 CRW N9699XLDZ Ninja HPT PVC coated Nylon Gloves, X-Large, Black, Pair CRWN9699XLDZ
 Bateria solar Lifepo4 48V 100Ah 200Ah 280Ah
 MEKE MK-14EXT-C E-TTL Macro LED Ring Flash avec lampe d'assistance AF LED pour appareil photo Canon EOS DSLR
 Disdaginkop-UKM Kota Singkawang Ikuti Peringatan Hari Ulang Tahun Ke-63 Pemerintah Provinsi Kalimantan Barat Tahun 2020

* * *

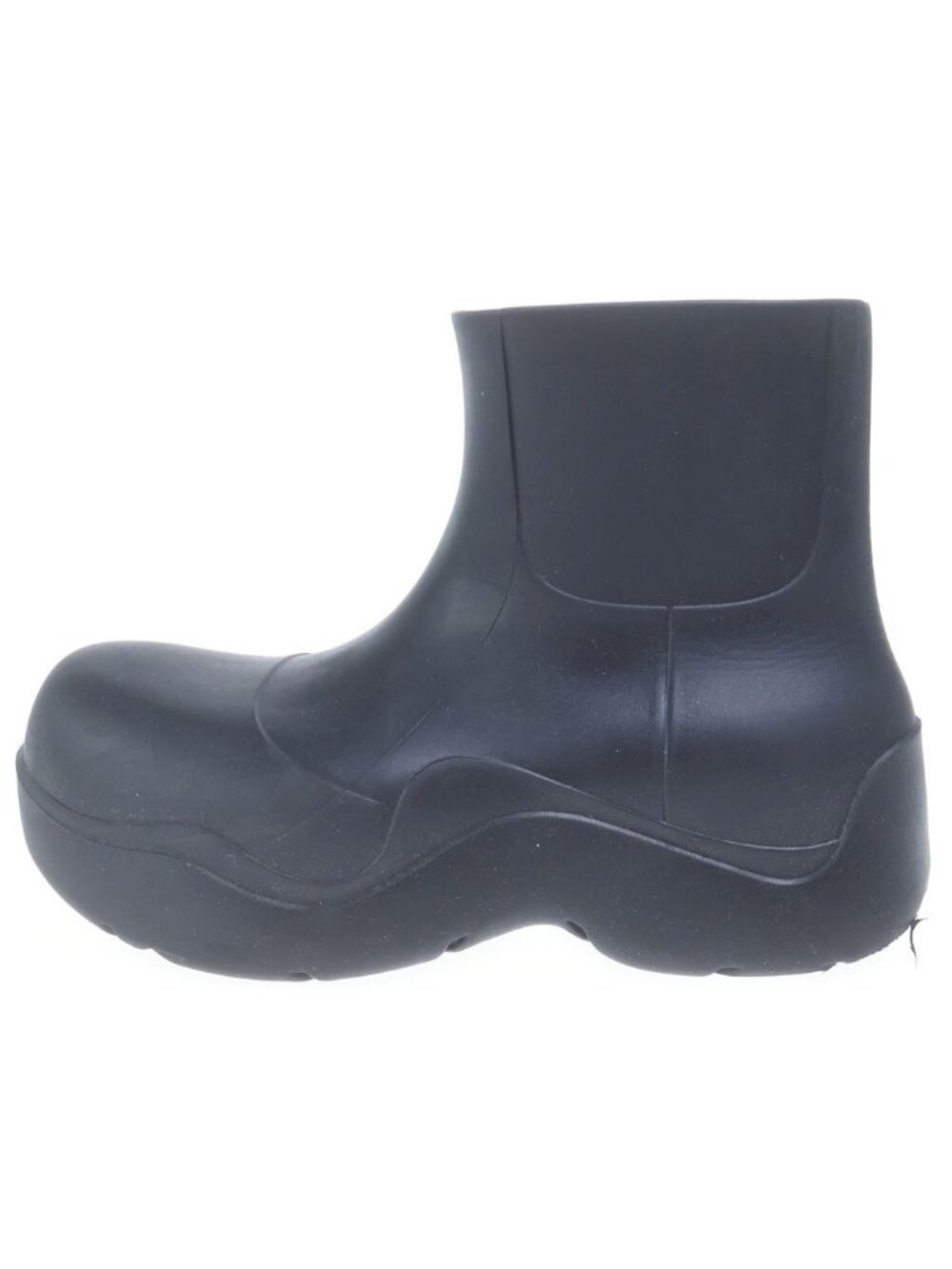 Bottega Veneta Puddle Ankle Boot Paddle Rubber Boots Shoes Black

◆ INSTRUCTIONS FOR THE TASK
Print, from the entries above, the line with "Bateria solar Lifepo4 48V 100Ah 200Ah 280Ah", the line with "Disdaginkop-UKM Kota Singkawang" and all lines between them, exactly and with nothing else.

◆ EXERCISE RESULT
 Bateria solar Lifepo4 48V 100Ah 200Ah 280Ah
 MEKE MK-14EXT-C E-TTL Macro LED Ring Flash avec lampe d'assistance AF LED pour appareil photo Canon EOS DSLR
 Disdaginkop-UKM Kota Singkawang Ikuti Peringatan Hari Ulang Tahun Ke-63 Pemerintah Provinsi Kalimantan Barat Tahun 2020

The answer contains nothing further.